▸ TASK BRIEF
A faithful copy is required: transcribe each line below exactly, minus the pictures.

▸ SUPPLIED MATERIAL
======

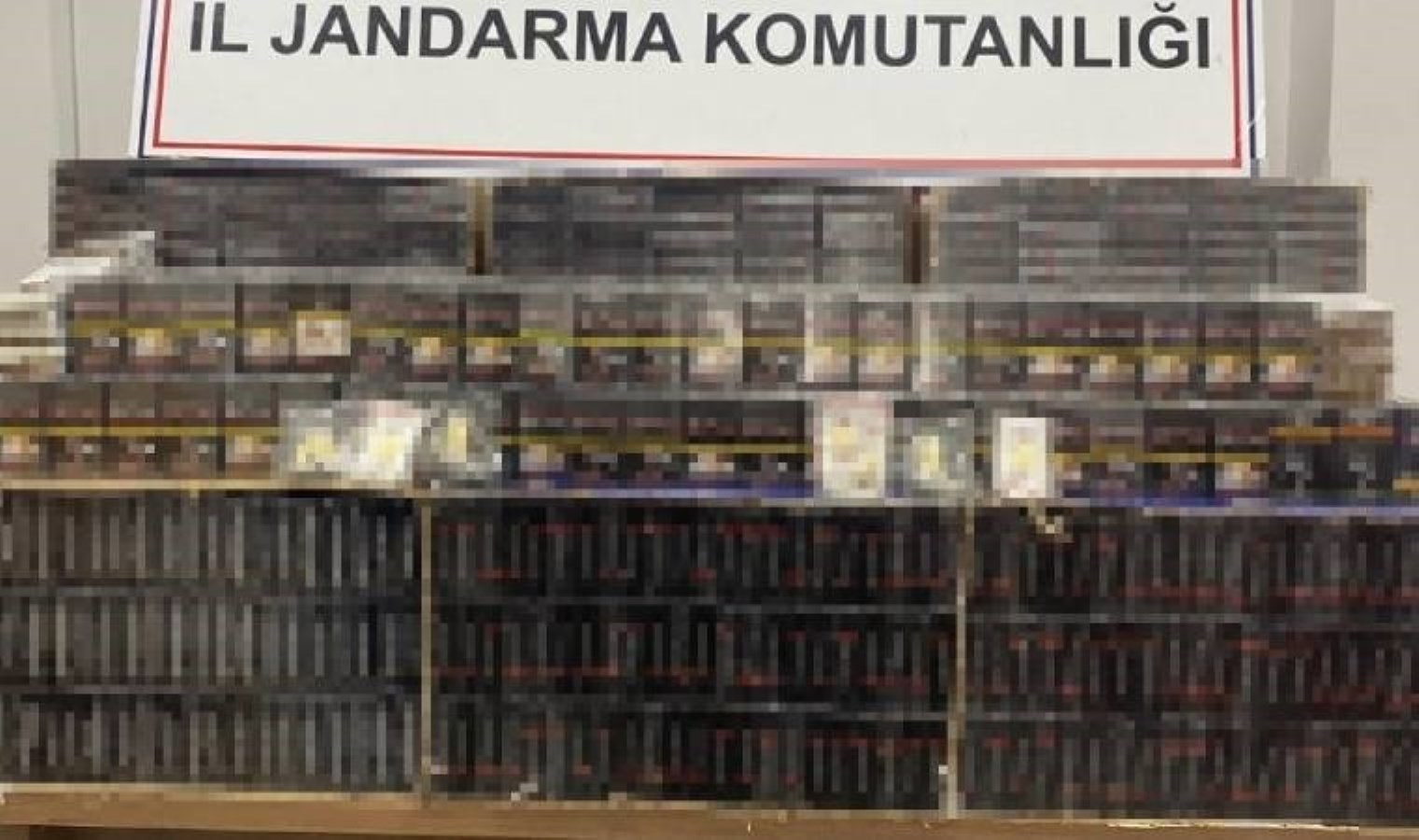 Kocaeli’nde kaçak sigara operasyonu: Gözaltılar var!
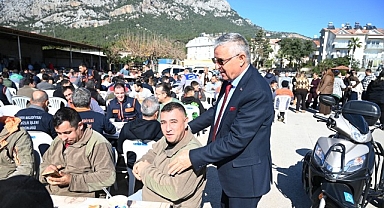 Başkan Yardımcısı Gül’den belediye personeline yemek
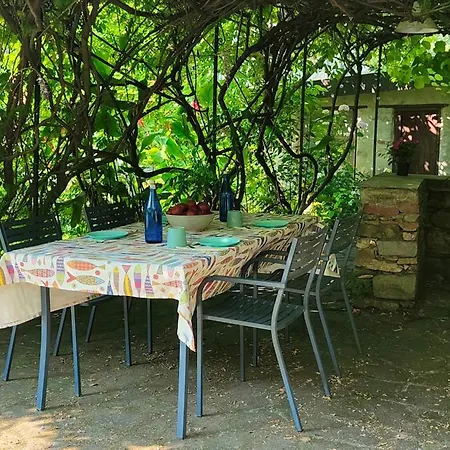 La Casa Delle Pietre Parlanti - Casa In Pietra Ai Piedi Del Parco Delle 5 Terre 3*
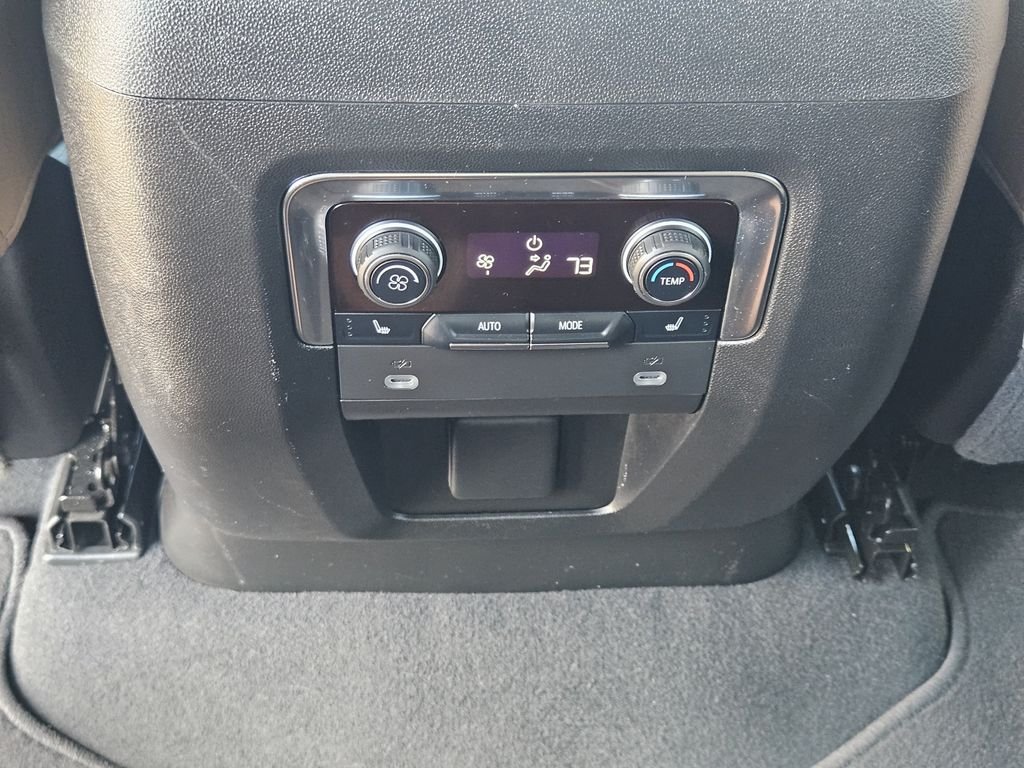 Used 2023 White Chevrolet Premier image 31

======

▸ SOLUTION BELOW
 Kocaeli’nde kaçak sigara operasyonu: Gözaltılar var!
 Başkan Yardımcısı Gül’den belediye personeline yemek
 La Casa Delle Pietre Parlanti - Casa In Pietra Ai Piedi Del Parco Delle 5 Terre 3*
 Used 2023 White Chevrolet Premier image 31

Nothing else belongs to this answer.